Ao Observador, Sónia Covita, jurista da Deco Proteste, salienta que o apoio é realizado de modo automático pela Segurança Social e que, por isso, os dados bancários devem encontrar-se atualizados (essa atualização, se necessária, pode ser feita pela Segurança Social Direta). A jurista sugere que quem acredita ter direito e não recebeu faça queixa à Segurança Social ou à Provedora de Justiça.

“Os beneficiários com direito ao apoio, mas que ainda não o receberam, designadamente, aqueles que recebem a pensão através da Caixa Geral de Aposentações, devem apresentar uma reclamação por escrito na Segurança Social. Podem fazê-lo através da Segurança Social Direta ou presencialmente, num balcão da Segurança Social. Por último, adianta-se que é possível apresentar queixa no Provedor de Justiça ou através da plataforma reclamar”, recomenda.
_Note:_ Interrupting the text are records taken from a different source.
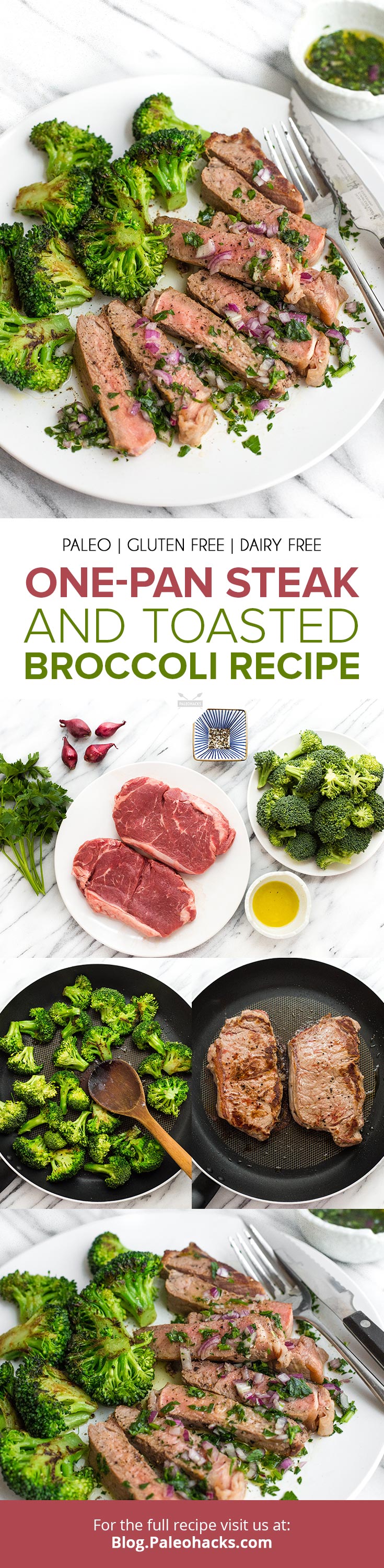 Toss together juicy New York strip steak, crispy broccoli, and a savory dressing in this one-pan meal. Meet your new weeknight favorite!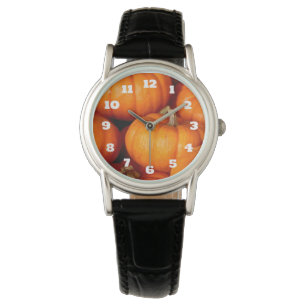 Relógio De Pulso Pumpkins Laranja Bril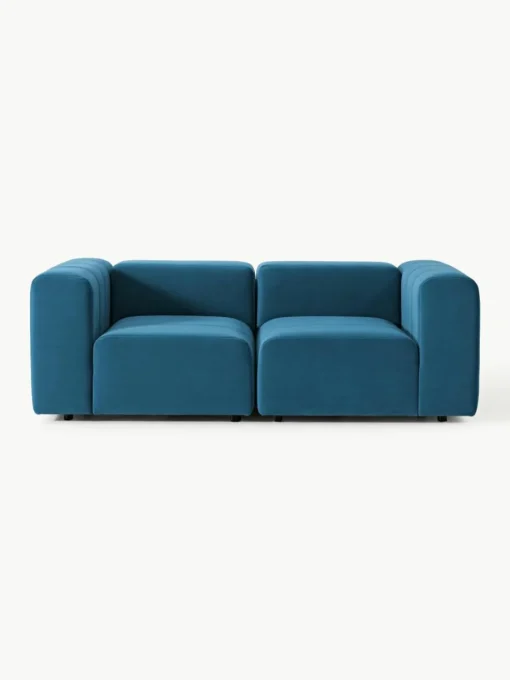 Modulares Samt-Sofa Lena (3-Sitzer)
Ao Observador, a Provedoria de Justiça diz que recebeu, “recentemente”, algumas queixas  — três — que “estão numa fase ainda inicial de instrução”. O Observador questionou o Ministério da Segurança Social sobre quantos trabalhadores elegíveis ficaram de fora do apoio, mas também não obteve resposta.

Há outros casos de exclusão

O Bloco recebeu denúncias de outro teor referentes ao apoio aos mais vulneráveis. Segundo Isabel Pires, há pessoas que não estão a receber porque os dados relativos aos beneficiários da tarifa social de energia que estão a ser enviados pela Direção-Geral de Energia e Geologia (DGEG) para a Segurança Social “aparentemente” não estão atualizados. “Perante as reclamações apresentadas, a SS [Segurança Social] remete para a DGEG que, por sua vez, está a demorar, em média, dois meses a responder.”

Também estão a ser excluídas as pessoas que, sendo beneficiárias da tarifa social, não recebem porque o contrato está em nome do progenitor que não é o requerente do abono de família. Nesse caso, a Segurança Social “aconselha a que o pedido do abono seja, então, feito pelo outro progenitor, mas, enquanto não é decidido o pedido, não é pago o abono e não há retroativos”, refere a deputada.

O apoio extraordinário é pago pela Segurança Social em abril, junho, agosto e novembro, através de transferência bancária.